● WORK TO COMPLETE
From the line below containing "物件内観写真15　(キッチン)" to the final line, print each line exactly as written. No pictures belong in the copy.

● Captioned web image data
Content starts
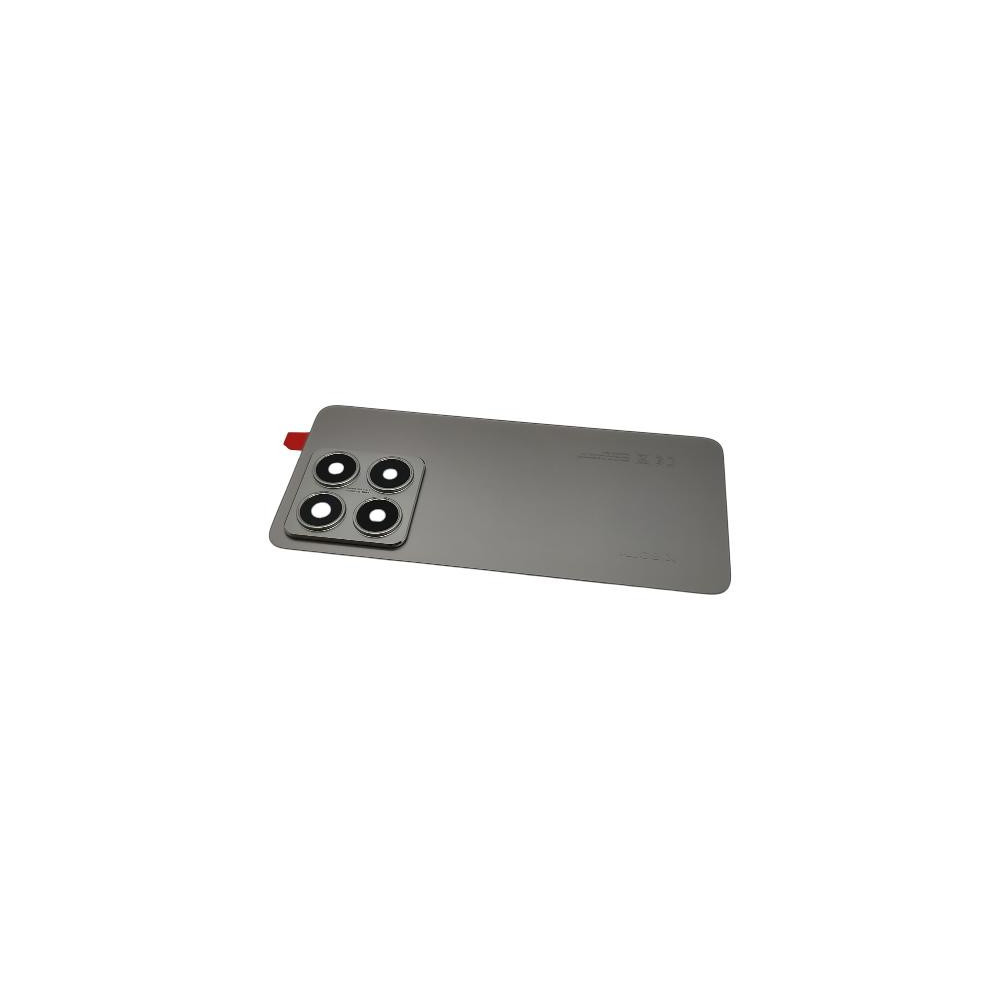 Xiaomi 14T Tampa Traseira Cinza (Original Service Pack)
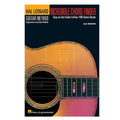 Incredible Chord Finder Book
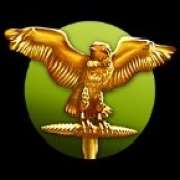 Eagle Zeichen in Roman Legion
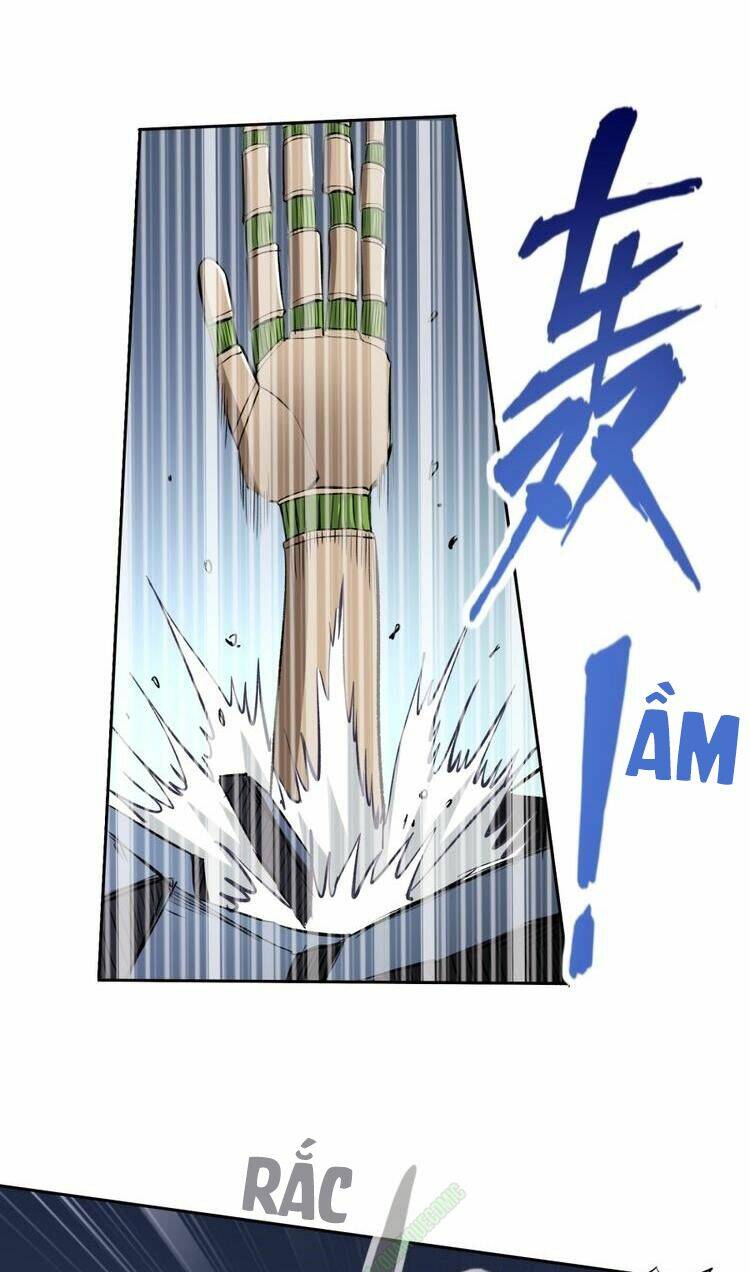 ta luyện giả kim trong thời đại tu tiên chapter 47 21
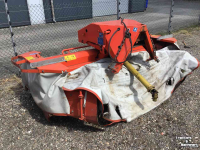 Mähwerk Kuhn FC 280 F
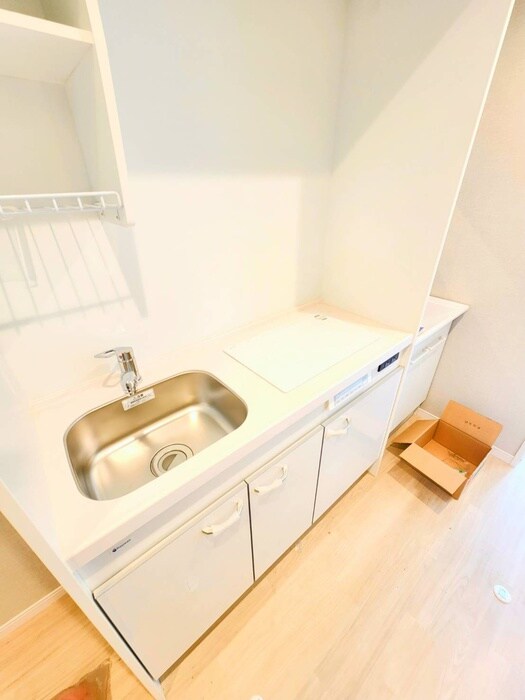 物件内観写真15　(キッチン)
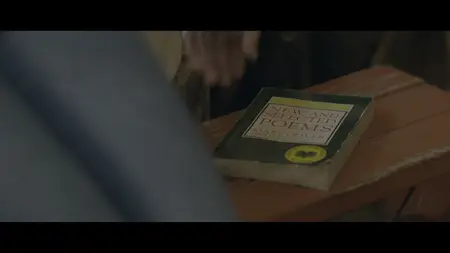 Ransom Canyon S01E01
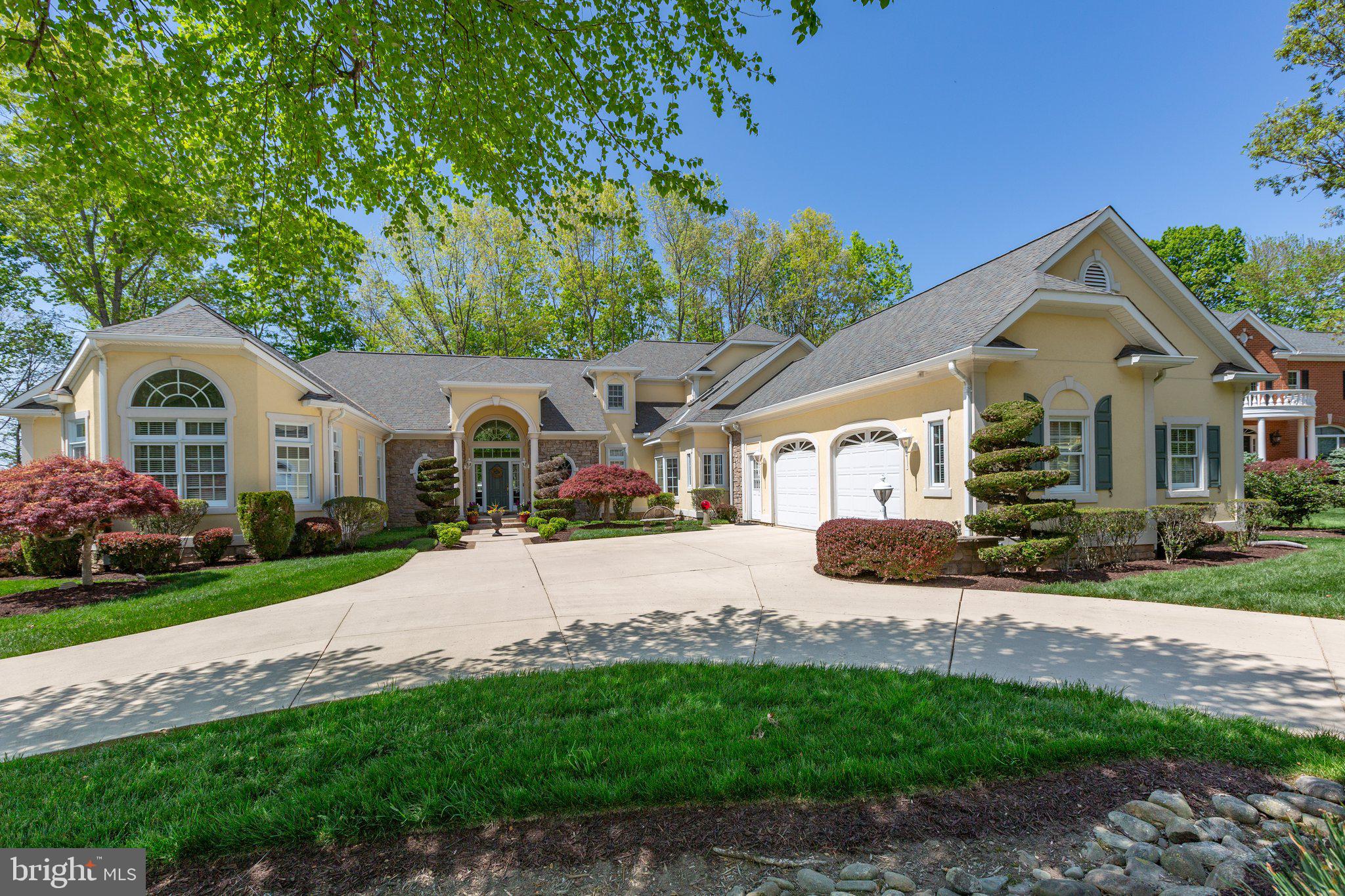 FAWN LAKE - Residential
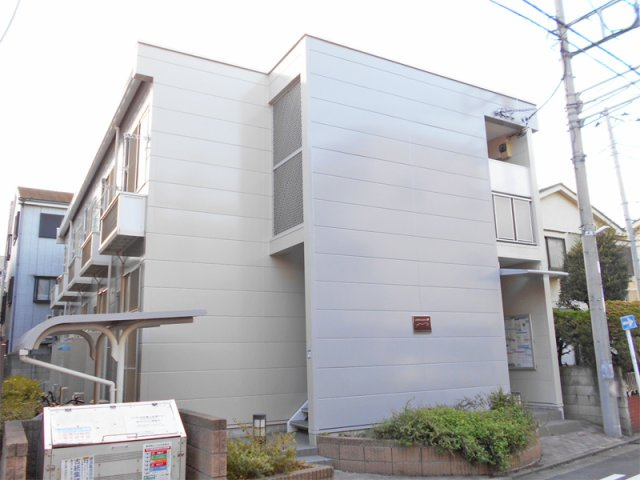 レオパレスノエル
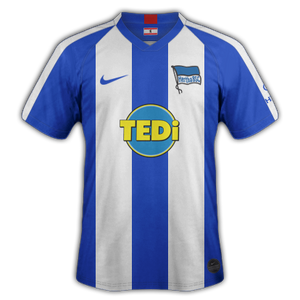 Hertha Bsc Football Wiki Fandom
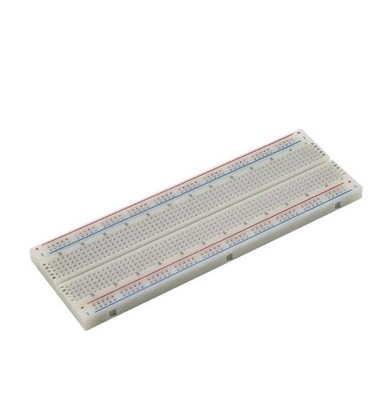MB-102 830 Point Prototype PCB Solderless Breadboard Protoboard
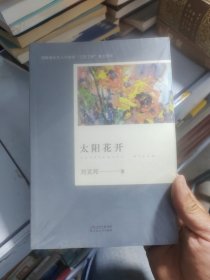 太阳花开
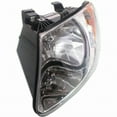 thumbnail image 3 of For Chrysler Town & Country Headlight 2001-2007 Driver Side w/ Bulbs DOT Certified CH2502129 | 4857701AC/w/113 inch wheelbase, 3 of 4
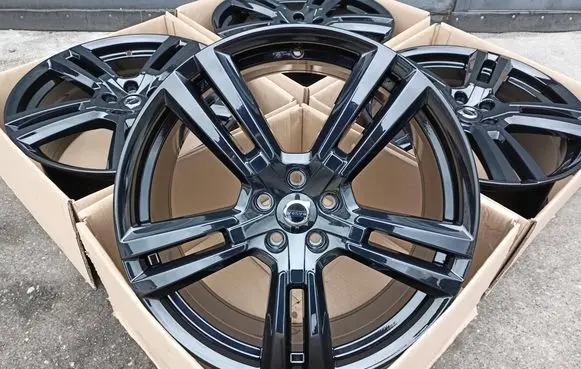 Volvo XC60 R20 alloy rim 31423853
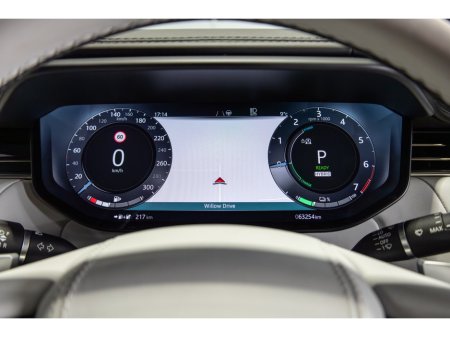 2023 Land Rover Range Rover Sport - thumbnail 20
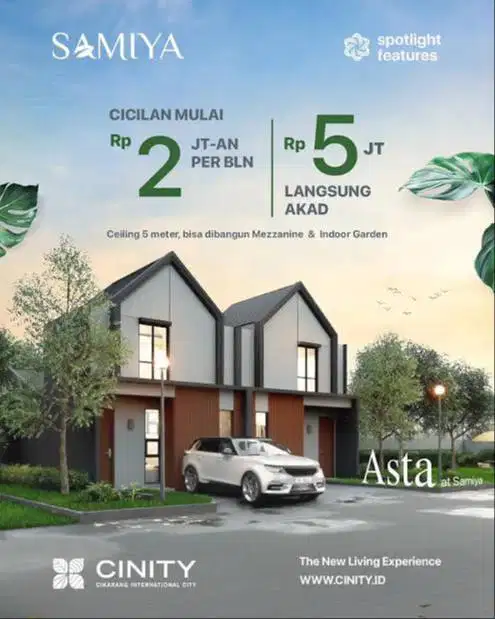 Dibutuhkan Sales Executive Inhouse Berpengalaman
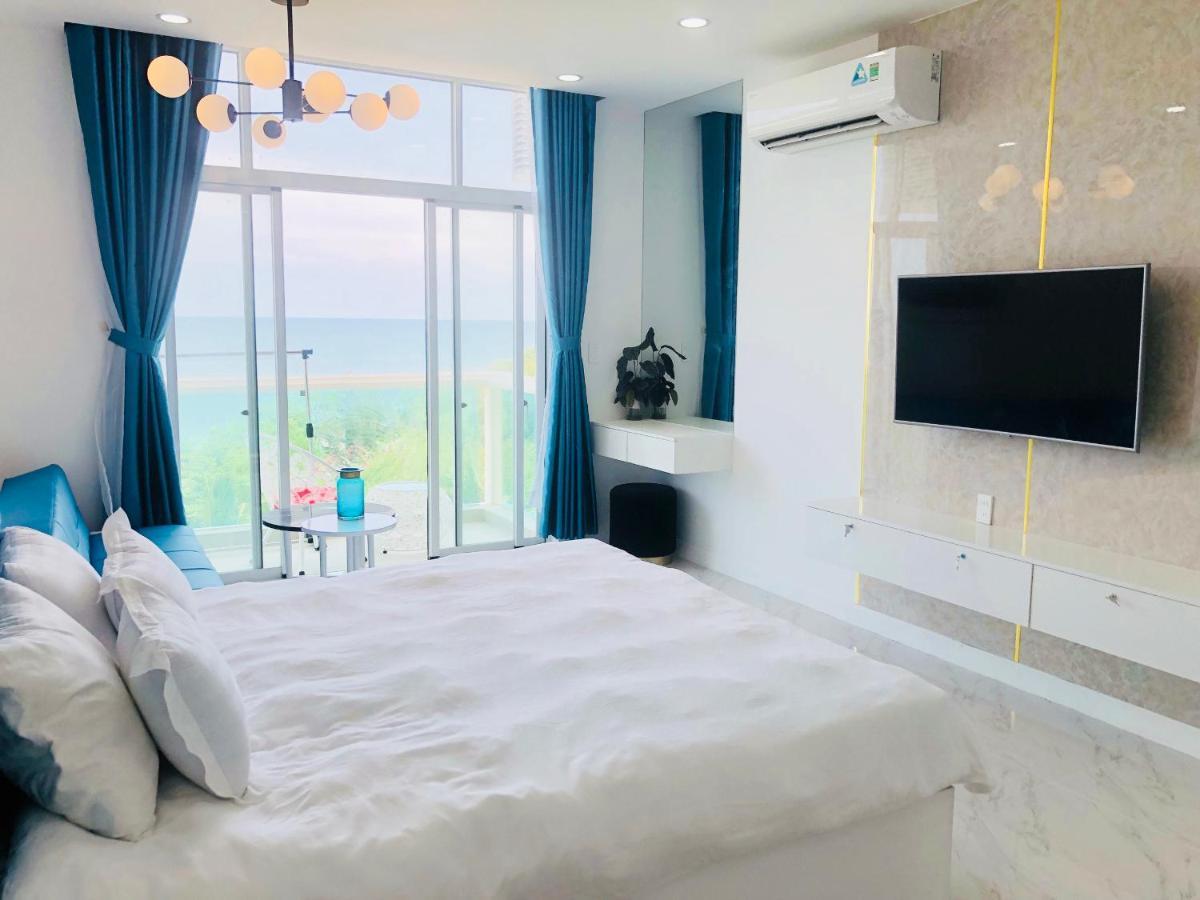 بهان ثيت Itnw Spacious Seaview المظهر الخارجي الصورة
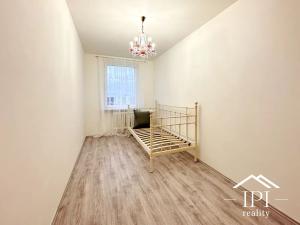 Pronájem bytu 4+1, Praha - Troja, Mazurská, 89 m2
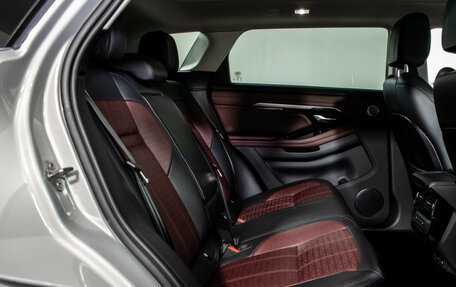 Land Rover Range Rover Evoque II, 2021 год, 5 150 000 рублей, 9 фотография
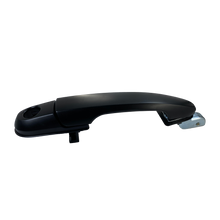 Manija Exterior Tucson Modelos 2006-2010 Delantera Izquierda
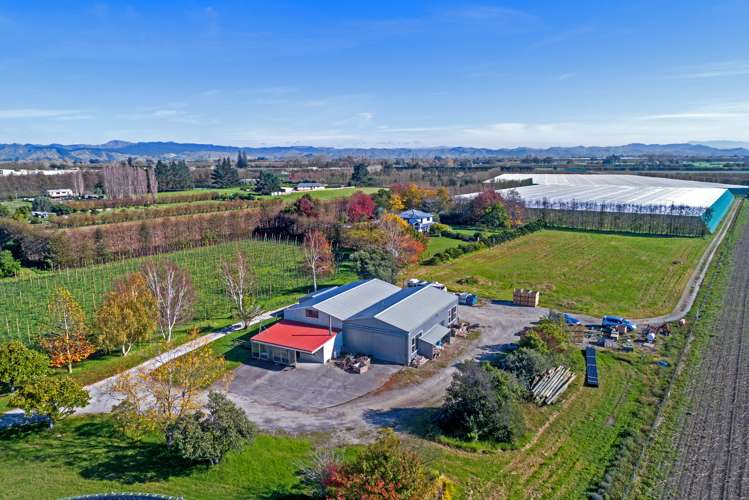 635 Awapuni Road, 160 and 153 Main Road Matawhero_5
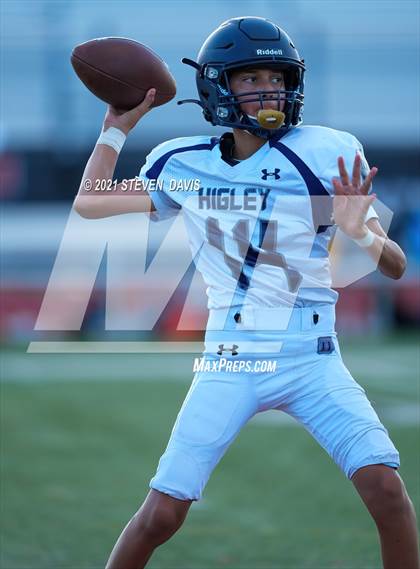 Thumbnail 3 in Higley @ Williams Field photogallery.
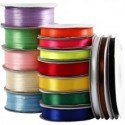 Nastro di raso Creativ Company assortiti  51364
Content ends
● WRITTEN SOLUTION
 物件内観写真15　(キッチン)
 Ransom Canyon S01E01
 FAWN LAKE - Residential
 レオパレスノエル
 Hertha Bsc Football Wiki Fandom
MB-102 830 Point Prototype PCB Solderless Breadboard Protoboard
 太阳花开
 thumbnail image 3 of For Chrysler Town & Country Headlight 2001-2007 Driver Side w/ Bulbs DOT Certified CH2502129 | 4857701AC/w/113 inch wheelbase, 3 of 4
 Volvo XC60 R20 alloy rim 31423853
 2023 Land Rover Range Rover Sport - thumbnail 20
 Dibutuhkan Sales Executive Inhouse Berpengalaman
 بهان ثيت Itnw Spacious Seaview المظهر الخارجي الصورة
 Pronájem bytu 4+1, Praha - Troja, Mazurská, 89 m2
 Land Rover Range Rover Evoque II, 2021 год, 5 150 000 рублей, 9 фотография
 Manija Exterior Tucson Modelos 2006-2010 Delantera Izquierda
 635 Awapuni Road, 160 and 153 Main Road Matawhero_5
 Thumbnail 3 in Higley @ Williams Field photogallery.
 Nastro di raso Creativ Company assortiti  51364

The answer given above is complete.